Task description
I would like every record reproduced exactly, with the pictures left out.

Recorded information
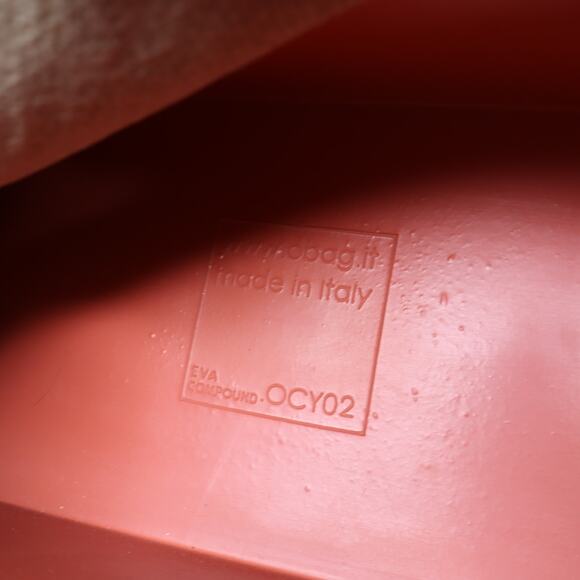 O BAG Classic Tote Bag Coral with Sage Canvas Insert Brown Shoulder Straps - Picture 9 of 9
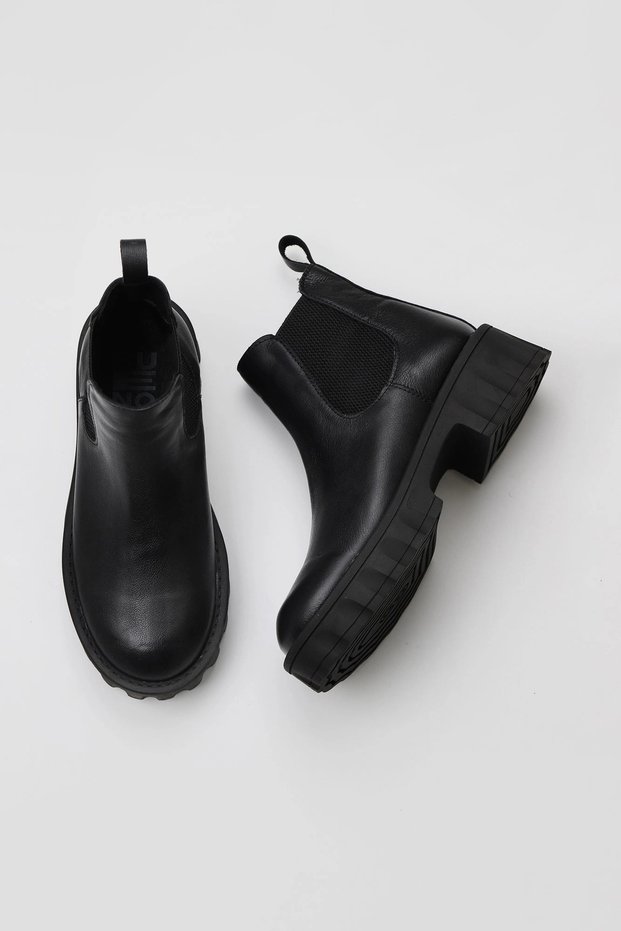Black Leather Women's Wedge Heeled Boots 01Wv9002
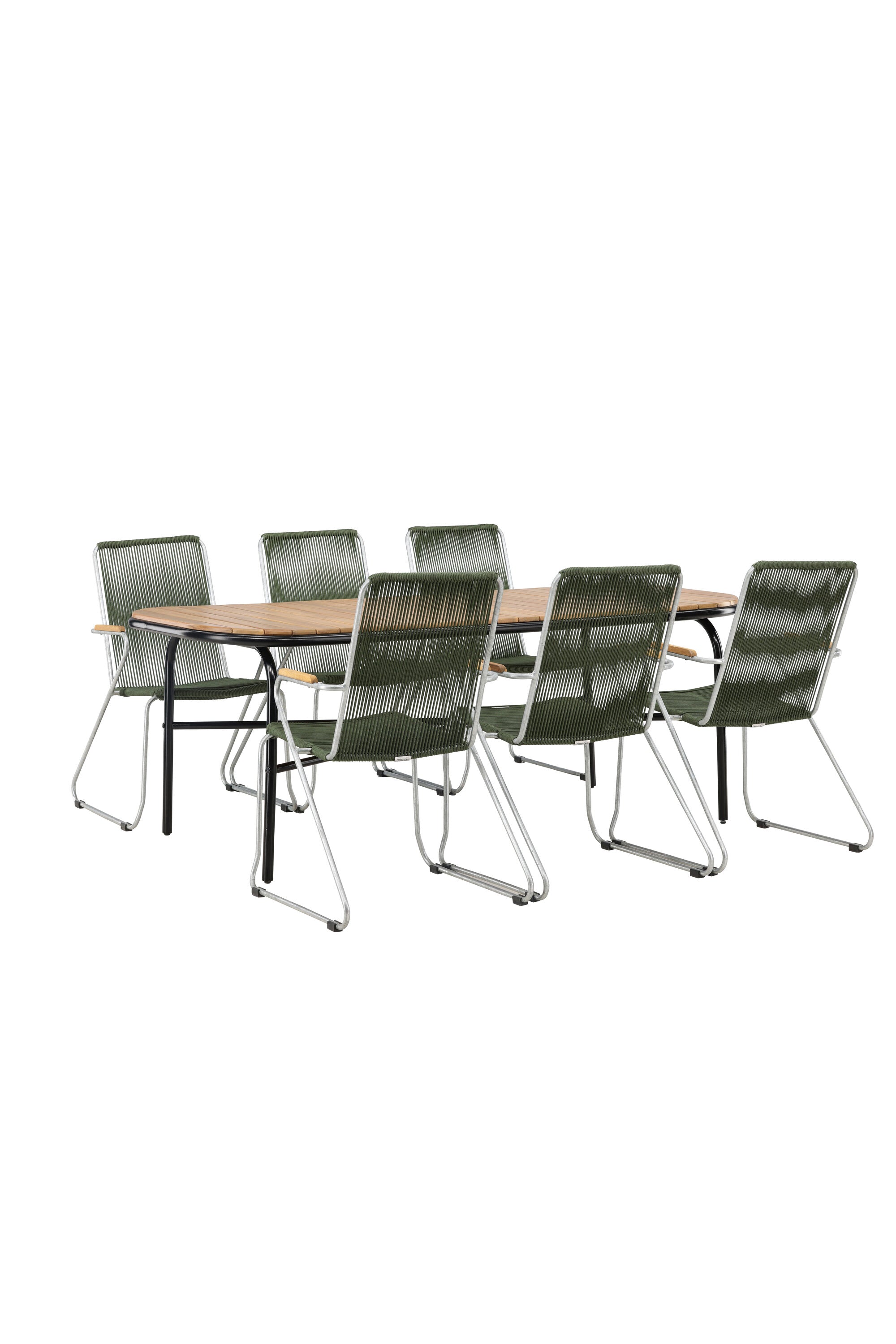 Holmbeck Outdoor-Tischset Bois 200cm/6St. in Grün, Silber präsentiert im Onlineshop von KAQTU Design AG. Gartentischset ist von Venture Home
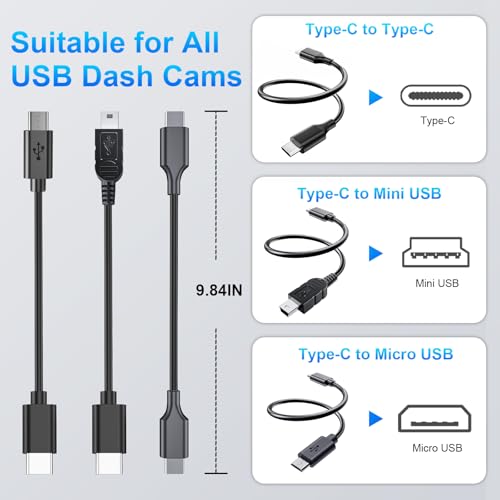 Dashcam Power Adapter 7 Pin Custom for Chevy, Ford, Honda, Lexus, Mitsubishi, Nissan, Toyota and more, Hide The Wires,GPS Radar Mirror Camera Dash Cam Adapter Cable, Connects to Rearview Mirror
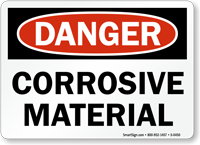Danger Corrosive Material Sign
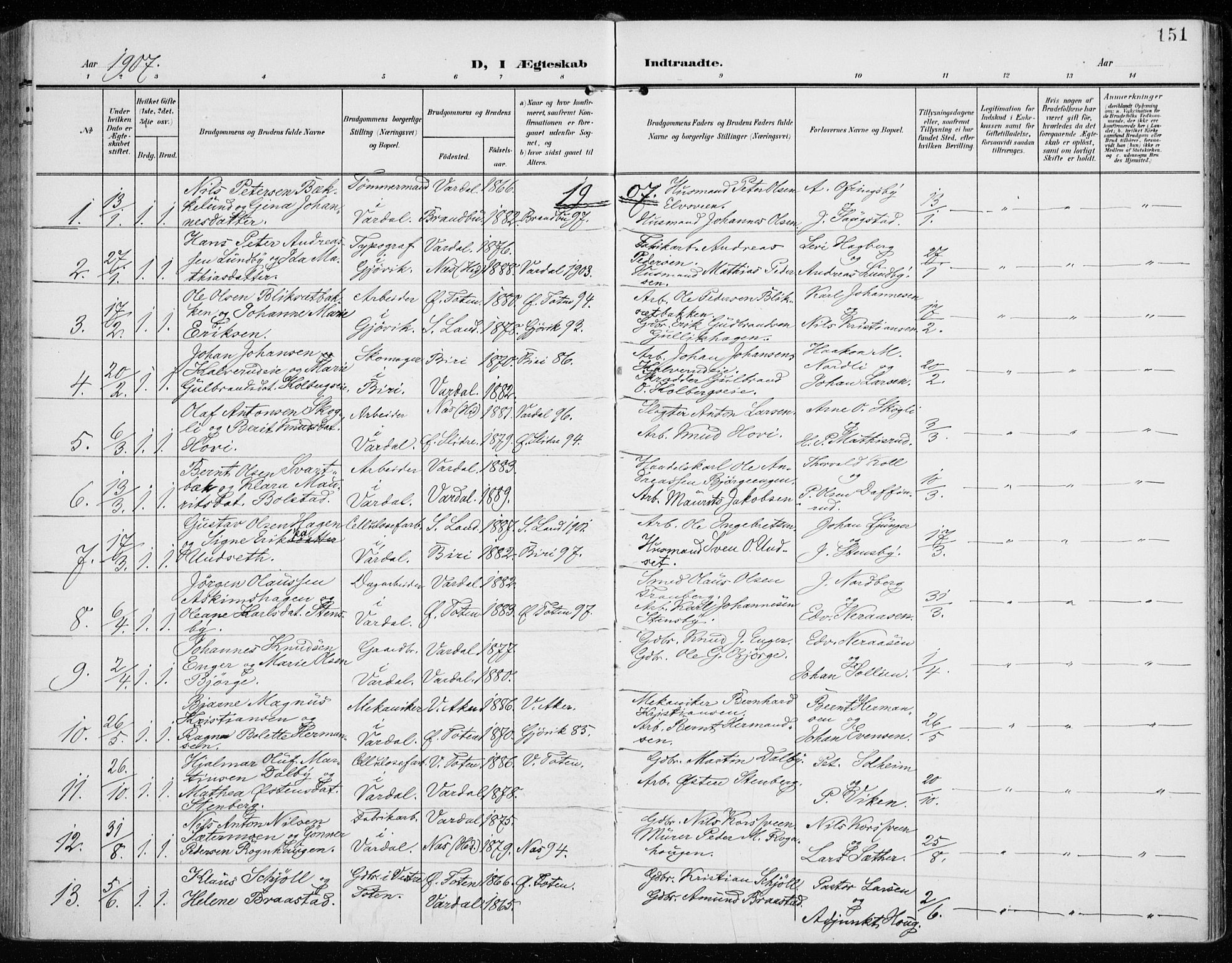 Vardal prestekontor, SAH/PREST-100/H/Ha/Haa/L0016: Parish register (official) no. 16, 1904-1916, p. 151
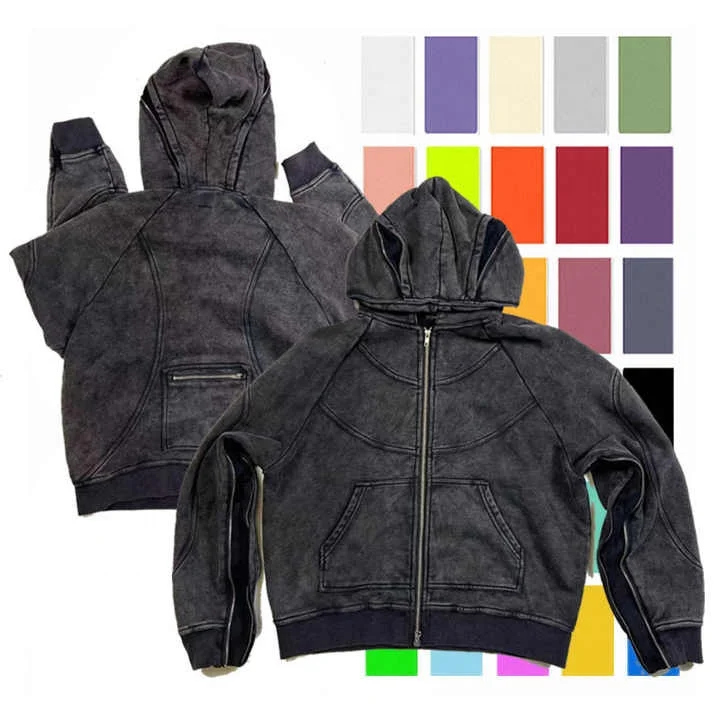 Custom Oversized Heavyweight 100% Cotton French Terry Zip Distressed Stone Acid Washed Hoodie Salati XS Hooded Sweatshirts Men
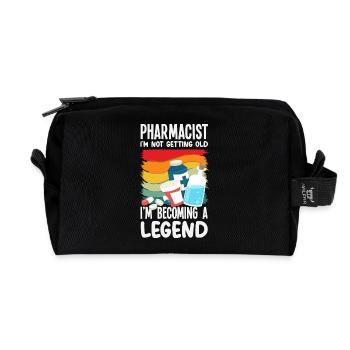 Retro Won't Get Old Legend Pharmacist Pharmacy - Recycled Toiletry Zip Bag - black - Front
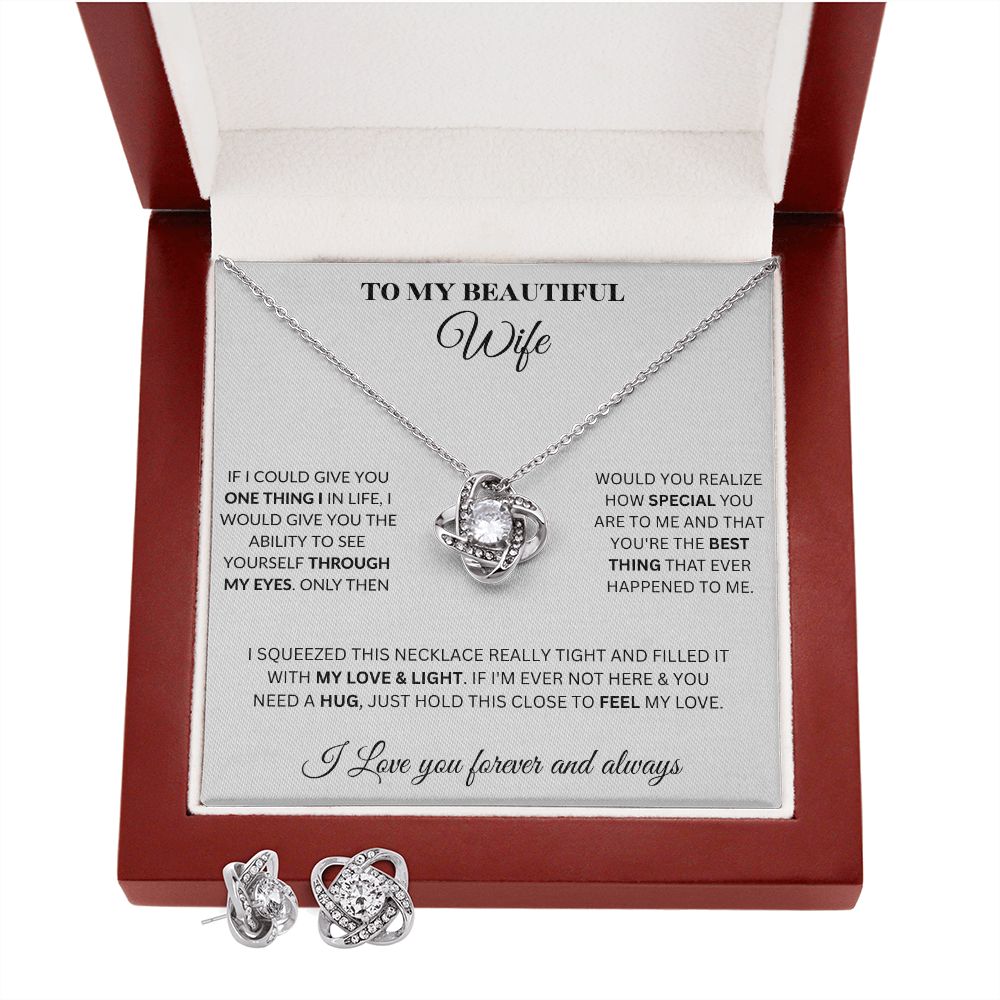 Love Knot Earring & Necklace Set - Wife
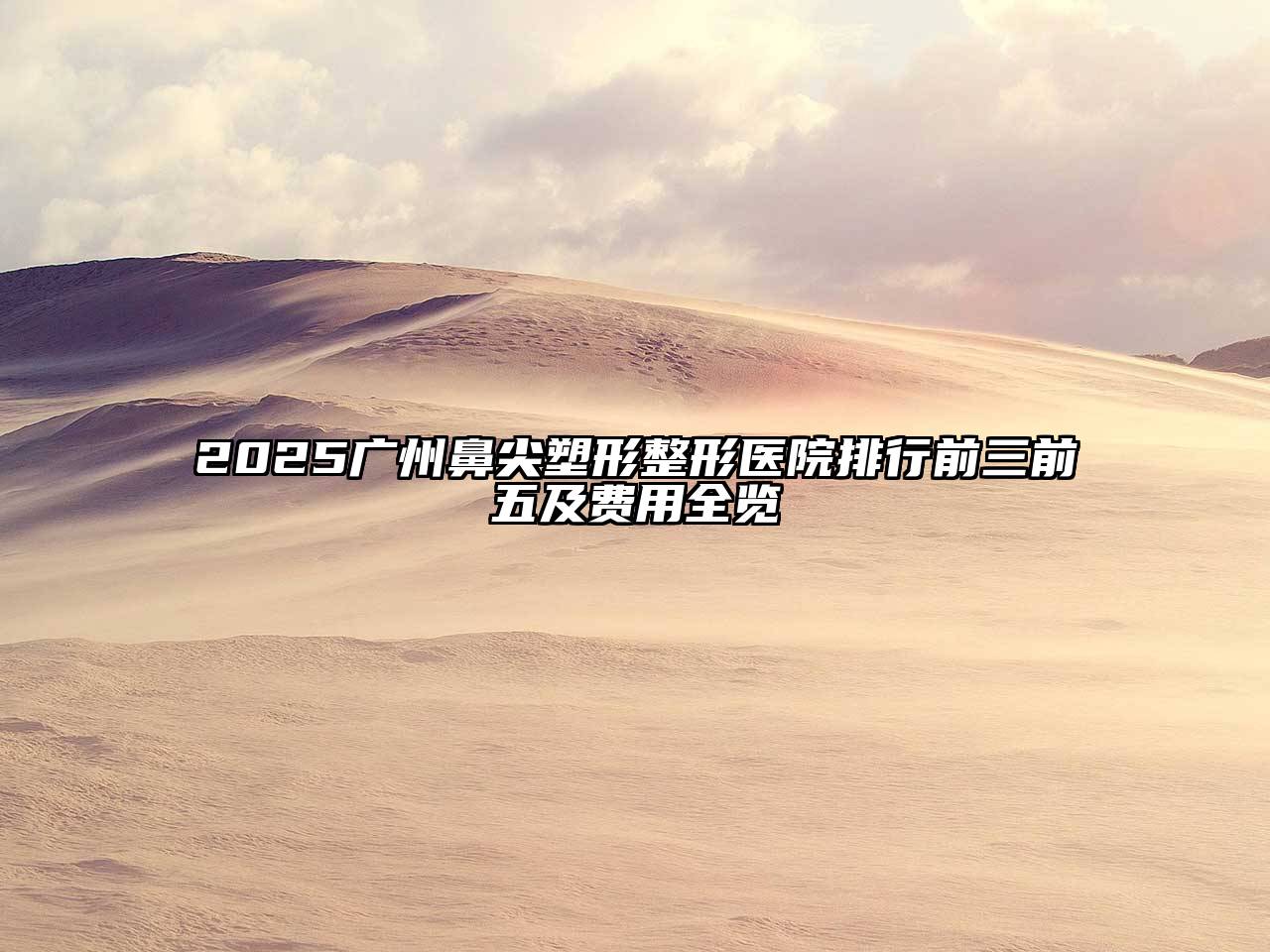 2025广州鼻尖塑形整形医院排行前三前五及费用全览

Task output
 O BAG Classic Tote Bag Coral with Sage Canvas Insert Brown Shoulder Straps - Picture 9 of 9
Black Leather Women's Wedge Heeled Boots 01Wv9002
 Holmbeck Outdoor-Tischset Bois 200cm/6St. in Grün, Silber präsentiert im Onlineshop von KAQTU Design AG. Gartentischset ist von Venture Home
 Dashcam Power Adapter 7 Pin Custom for Chevy, Ford, Honda, Lexus, Mitsubishi, Nissan, Toyota and more, Hide The Wires,GPS Radar Mirror Camera Dash Cam Adapter Cable, Connects to Rearview Mirror
Danger Corrosive Material Sign
 Vardal prestekontor, SAH/PREST-100/H/Ha/Haa/L0016: Parish register (official) no. 16, 1904-1916, p. 151
 Custom Oversized Heavyweight 100% Cotton French Terry Zip Distressed Stone Acid Washed Hoodie Salati XS Hooded Sweatshirts Men
 Retro Won't Get Old Legend Pharmacist Pharmacy - Recycled Toiletry Zip Bag - black - Front
 Love Knot Earring & Necklace Set - Wife
 2025广州鼻尖塑形整形医院排行前三前五及费用全览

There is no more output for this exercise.